Introduction
Readily available, highly calorific foods (Briefel and Johnson 2004), together with an increasingly sedentary lifestyle (Winkleby and Cubbin 2004), are causing progressive detriments in human health (Mokdad et al. 1999, Katzmarzyk and Ardern 2004, Rigby et al. 2004). In the USA alone, overweight or obesity afflicts approximately one in three adult women and contributes to a rapidly increasing incidence of type 2 diabetes (NHANES 2006). The current epidemiological evidence suggests that such an escalating prevalence of obesity and diabetes will continue for the foreseeable future (Zimmet 1999, Zimmet et al. 2003). Such a prediction is of particular concern for women's reproductive health because obesity and diabetes contribute markedly to anovulatory infertility (Norman and Clark 1998, Norman et al. 2004), the most frequent cause of infertility in women (Abbott et al. 2004).
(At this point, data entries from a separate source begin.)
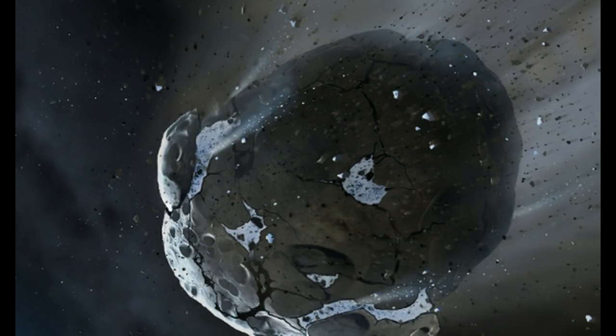We have an asteroid approaching Earth. What they're saying is the size of the Great Pyramid of Giza and it's making its close approach coming up here on the 29th.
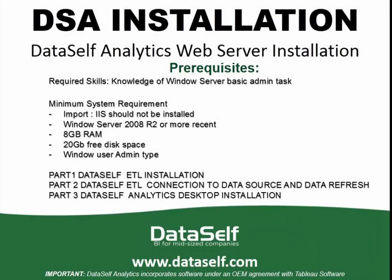DataSelf Analytics Web Server Installation. Please pause the video to read this page in detail before you continue the video.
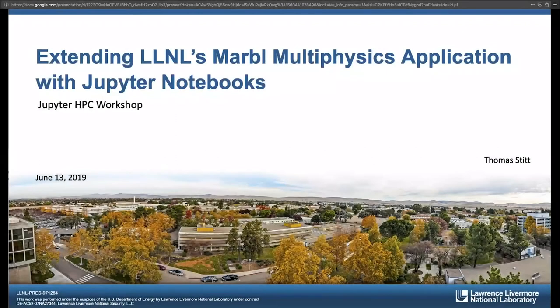Hi everyone. I'm Tom Stitt. I work at LLNL. I am a software developer on a project called Marble, which is one of our production physics simulation applications.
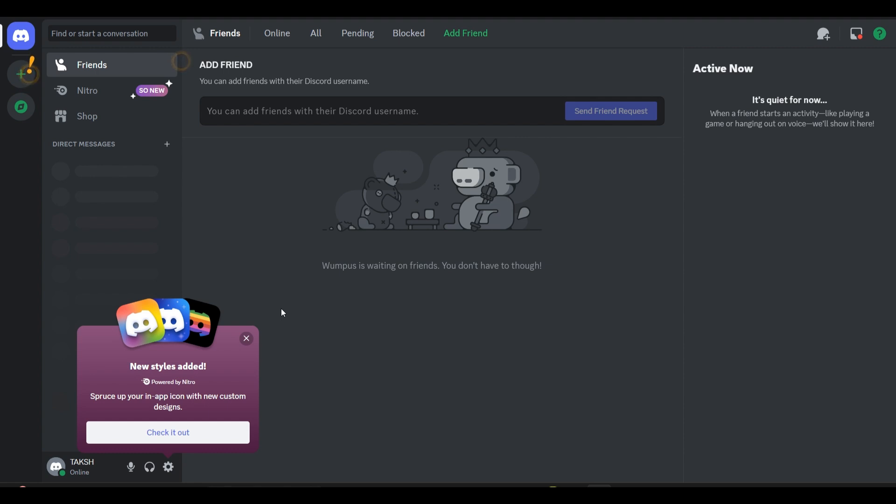In some cases, Discord might revoke a token for security reasons like inactivity, spam, or suspicious behavior. Here's how you can fix this.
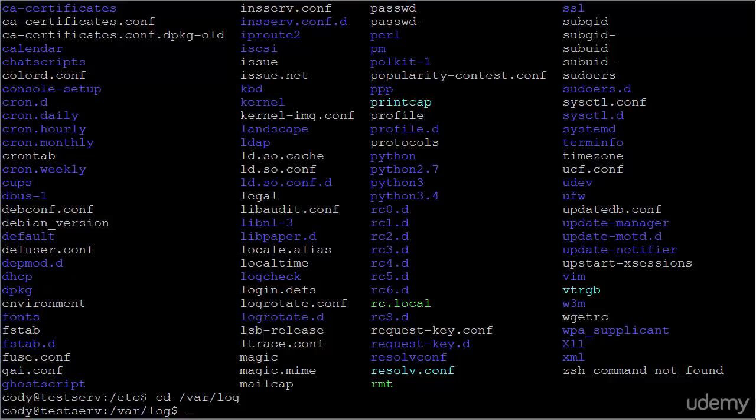A common task in Ubuntu Linux server administration involves adding users, adding groups, and modifying user credentials, including their passwords and which groups they are affiliated with. Thankfully, in Ubuntu server, adding users is quite simple.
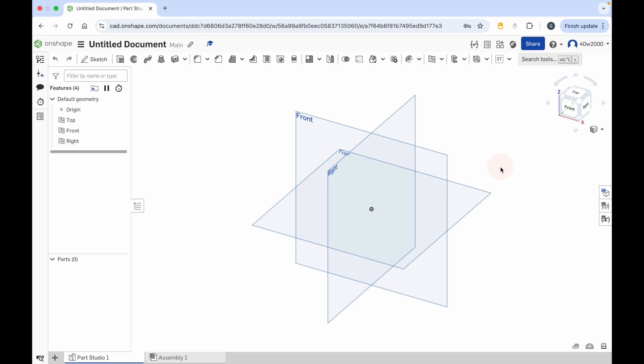Hello ladies and gents. In this video I'm going to give you a quick introduction to the Onshape interface.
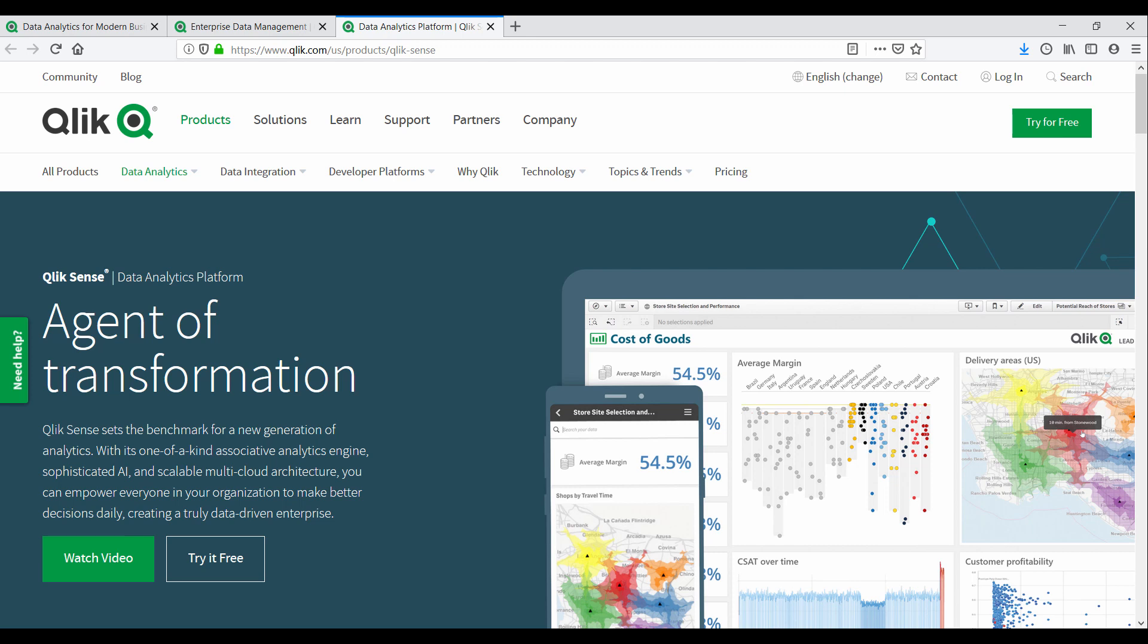Qlik's data and analytics platform can be an agent of transformation for your organization, enabling you to deliver insights across the business. Thanks for watching and I hope this inspires you to lead with data.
Metabolic dysfunction has considerable consequences for polycystic ovary syndrome (PCOS), a highly prevalent metabolic and infertility disorder of reproductive-aged women that is exacerbated by obesity (Ehrmann et al. 1995, Franks 1995, Dunaif 1997, Escobar-Morreale et al. 2004, Carmina et al. 2005). The syndrome has a highly heterogeneous presentation that can include androgen excess, amenorrhea, insulin resistance, and obesity, among other general health disorders (Abbott et al. 2002a, Dumesic et al. 2005). The most recent PCOS consensus diagnosis (The Rotterdam ESHRE/ASRM-Sponsored PCOS Consensus Workshop Group 2004), however, requires the presence of only two out of three specific androgenic and reproductive criteria: (1) hyperandrogenism, as determined biochemically from circulating total or unbound testosterone levels or clinical signs of hyperandrogenism, (2) intermittent or absent menstrual cycles, and (3) polycystic ovaries, as visualized by ultrasound.